I found this kind of information block from the corresponding line:

[dist]
# distance from previous block
# <min> <max>
0       57

After removing all these [dist] information from the profile, the program ran without an error. Nevertheless, I do want to include these information, which might be non-negligible in some occasions.

I didn't experience this kind of problem from the previous builds of augustus. e.g. Using conda build 3.4.0 pl5262h5a9fe7b_2 runs without an error with same input files.

I will be much appreciated if you can give a quick check and hopefully solve the issue soon.

Thanks!

Daniel

OnlineArts commented 2 years ago

I got the same error as the developer from funannotate. It seems to be related to the newer GCC/Ubuntu version. It does not work with Ubuntu 22.04, at least by compiling. I figured that out by using BUSCO.
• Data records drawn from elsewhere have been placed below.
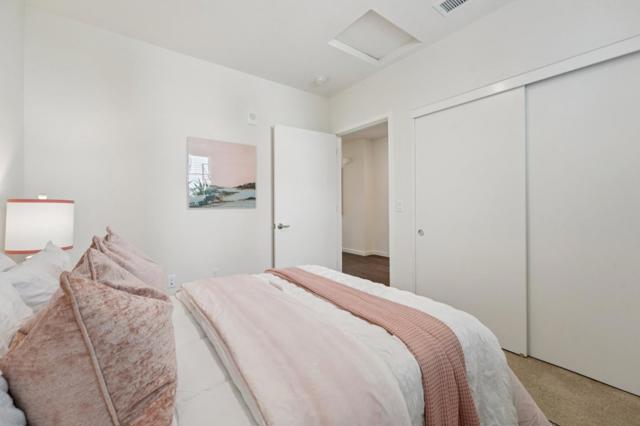 1850 El Camino Real, Santa Clara CA: https://media.crmls.org/mediaz/643d7cd1-6df8-4416-91fc-bae0f5123583.jpg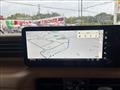 2025 Nissan ROOX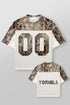 4237 - Double-Zero Jersey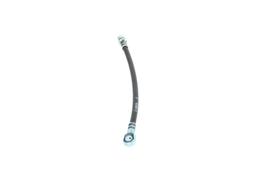 Flexible de frein BOSCH 1987481094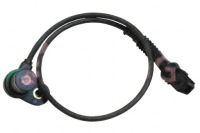 фото thumb №2, Autlog as4180 датчик, положення вала розподільного валу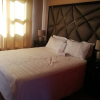 Отель Thavhani Guest House, фото 6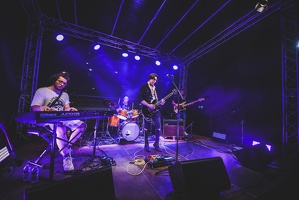 16-BluesGangsters-96dpi-FeteDeLaMusiqueDudelange2022-LugdivineUnfer-33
@KatharinaHoff @MarioStanke May I ask you to take a look? I would assume a required library changed slightly.

MarioStanke commented 2 years ago

I just tried with the current version of Augustus the following and it worked:

cd Augustus/docs/tutorial/data
msa2prfl.pl --prefix_from_seqnames --max_entropy=0.75  --blockscorefile=PF00225_seed.blocks.txt PF00225_seed.txt > PF00225_seed.prfl
fastBlockSearch --cutoff=1.1 chr4.103M.fa PF00225_seed.prfl

I need more information to reproduce the problem and then try to fix it: Please make the files and command lines that produced the input also available.

berkelem commented 2 years ago

I have the same problem with the conda installation of Augustus.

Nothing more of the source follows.